**TASK**: Under this line sits a listing. Repeat exactly and only its lines from the one holding "Cinco muertos en" through the one holding "Hai Bậc Thầy"; skip pictures.

**INFORMATION GIVEN**:
=======
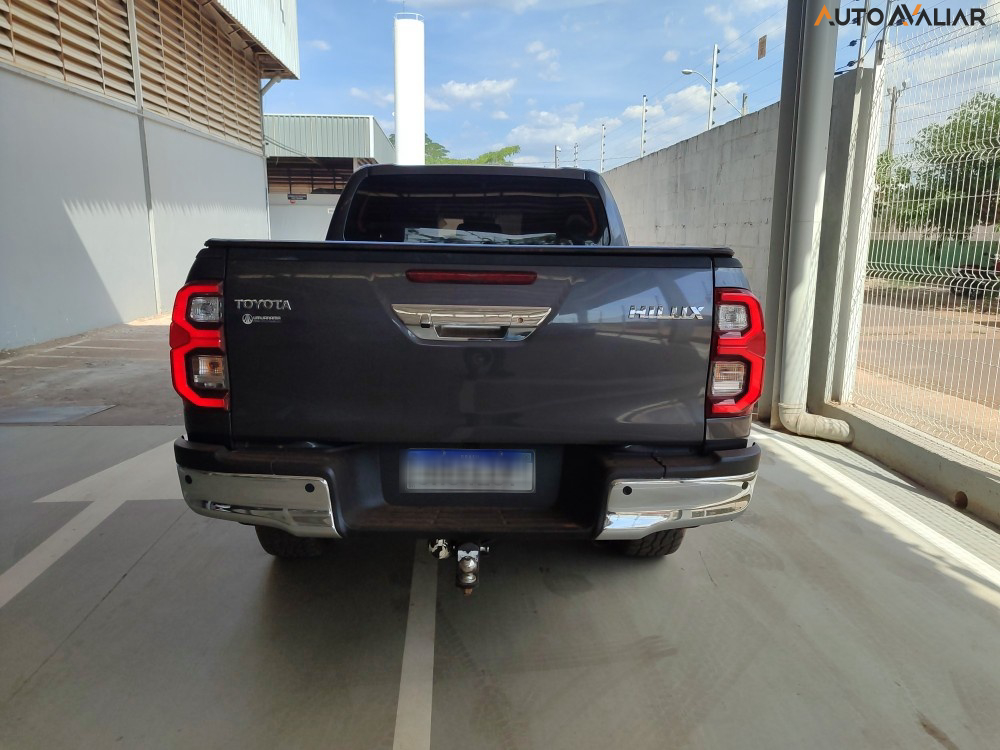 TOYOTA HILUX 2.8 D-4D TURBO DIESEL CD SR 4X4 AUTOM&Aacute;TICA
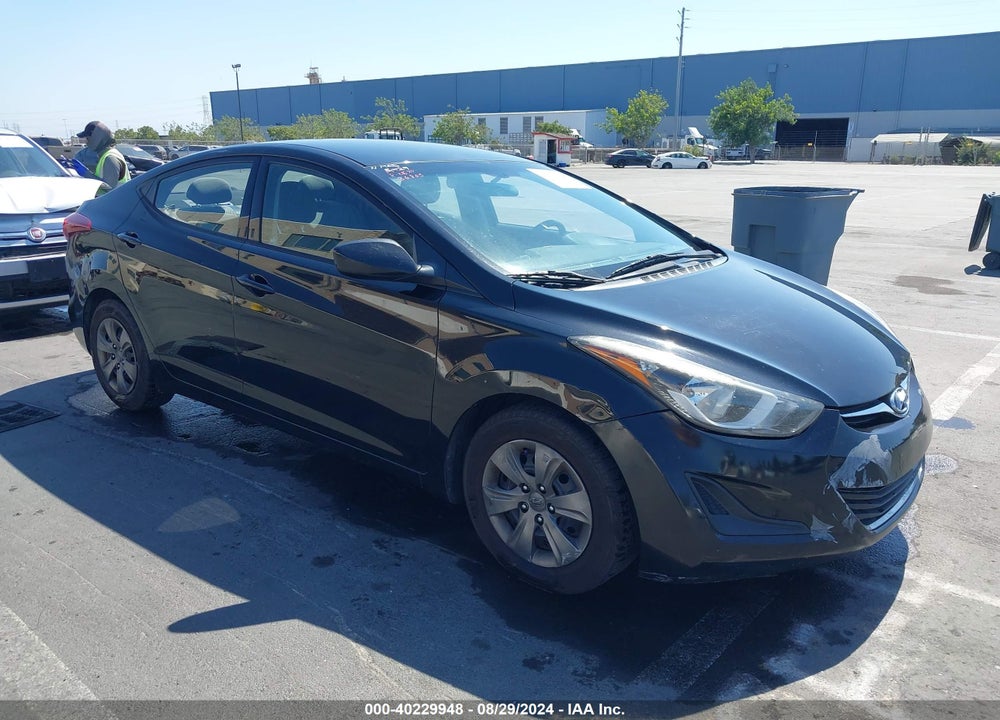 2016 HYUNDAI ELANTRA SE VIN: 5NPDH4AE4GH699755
=======
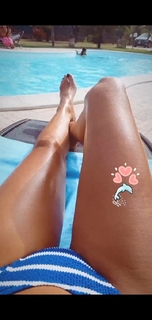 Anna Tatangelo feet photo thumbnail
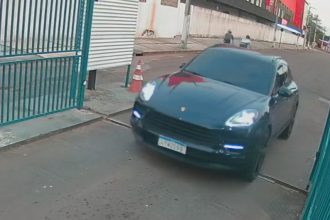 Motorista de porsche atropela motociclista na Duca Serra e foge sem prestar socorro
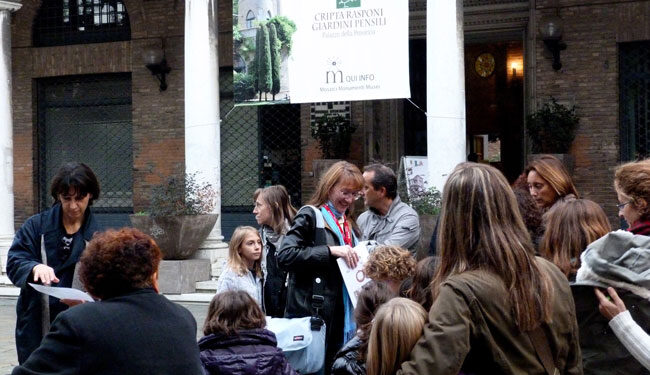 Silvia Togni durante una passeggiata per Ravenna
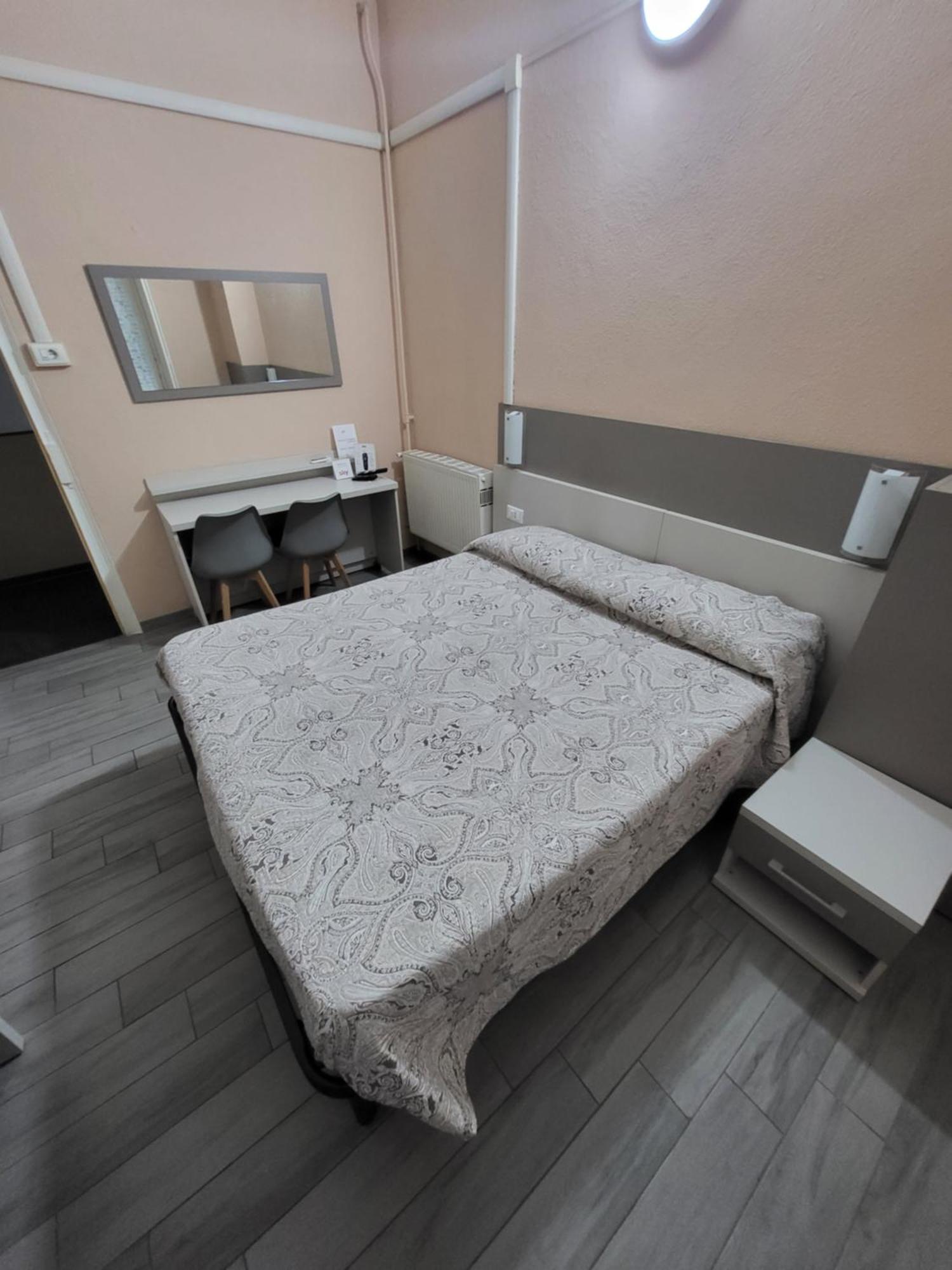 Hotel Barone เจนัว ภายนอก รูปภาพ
=======
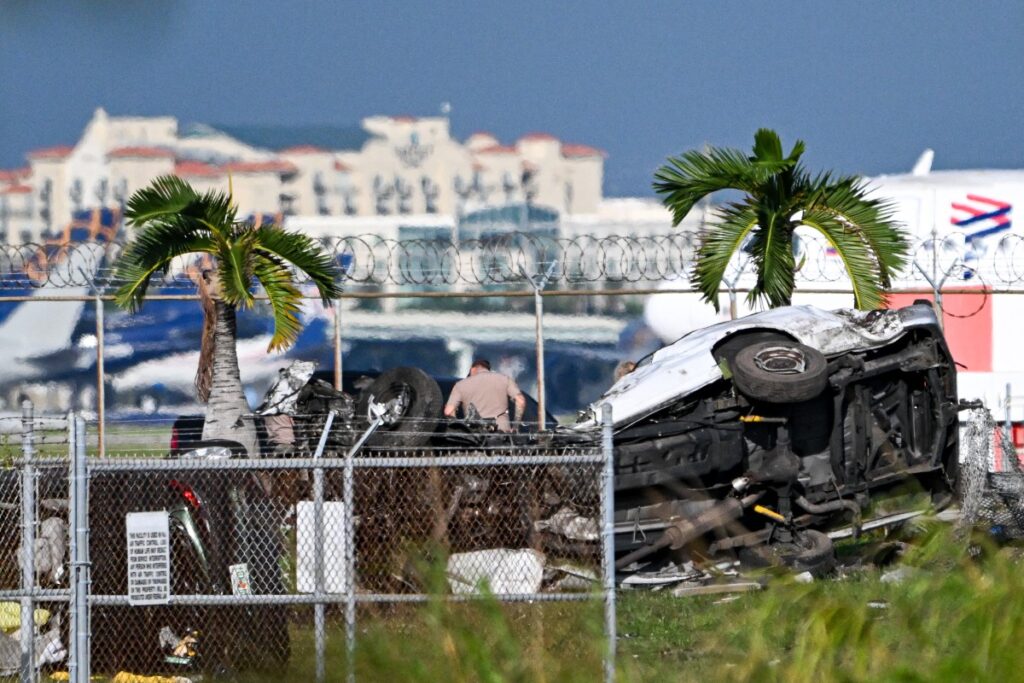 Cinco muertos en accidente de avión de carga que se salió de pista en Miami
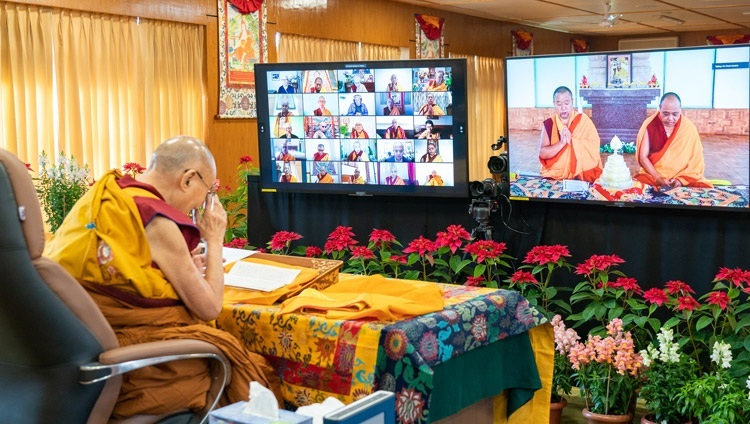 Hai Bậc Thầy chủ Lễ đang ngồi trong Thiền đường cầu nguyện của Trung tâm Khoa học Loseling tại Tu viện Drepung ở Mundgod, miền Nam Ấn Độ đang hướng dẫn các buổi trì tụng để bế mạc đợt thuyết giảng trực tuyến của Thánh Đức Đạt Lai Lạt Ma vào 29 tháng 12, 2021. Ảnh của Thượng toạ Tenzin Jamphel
=======
**ANSWER TO THIS TASK**:
 Cinco muertos en accidente de avión de carga que se salió de pista en Miami
 Hai Bậc Thầy chủ Lễ đang ngồi trong Thiền đường cầu nguyện của Trung tâm Khoa học Loseling tại Tu viện Drepung ở Mundgod, miền Nam Ấn Độ đang hướng dẫn các buổi trì tụng để bế mạc đợt thuyết giảng trực tuyến của Thánh Đức Đạt Lai Lạt Ma vào 29 tháng 12, 2021. Ảnh của Thượng toạ Tenzin Jamphel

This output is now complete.